Il y a 50 ans : le Smic


Depuis un demi-siècle, le Salaire minimum interprofessionnel de croissance, créé pour « limiter les inégalités de salaires », n’a pas permis, au fil des ans, de répondre la question des salaires. Les Smicards ne peuvent pas vivre avec leur salaire, et de plus en plus de salariés sont sous le Smic !

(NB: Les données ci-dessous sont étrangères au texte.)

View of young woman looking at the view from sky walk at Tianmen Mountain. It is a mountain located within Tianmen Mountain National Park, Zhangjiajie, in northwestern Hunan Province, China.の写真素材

Au départ était le Smig (Salaire minimum interprofessionnel garanti). Cependant à sa création en 1950, le bât blessait déjà. Il existait des différences régionales allant jusqu’à 8%. Mais surtout le patronat disposait de la possibilité de fixer un salaire de base inférieur, si bien que les entreprises gardaient une large autonomie salariale. En prime, il n’existait pas d’échelle mobile (ajustement des salaires sur la hausse des prix). Après les grandes grèves de 1953, où la toute jeune CGT-FO était bien présente, l’État doit donner un fort coup de pouce au Smig. Une loi de 1957 permettra au salaire minimum d’être en partie indexé. Pendant les dix années suivantes, le Smig augmentera de 70%. Mais nous sommes encore loin du compte car dans le même temps les salaires moyens augmentent eux de 140%. À la veille des grandes grèves de mai 68, les « smigards » sont surtout des « smigardes » (textile, agroalimentaire). Beaucoup de salariés ne dépassent le salaire minimum que de peu, grâce aux primes d’ancienneté. L’existence du Smig n’a donc en rien empêché le creusement des inégalités salariales. C’est ce qui sera vivement critiqué par les syndicats en mai-juin 1968. Lors des négociations de Grenelle, en juin, ils obtiennent une augmentation du Smig de 35% et la fin des disparités régionales.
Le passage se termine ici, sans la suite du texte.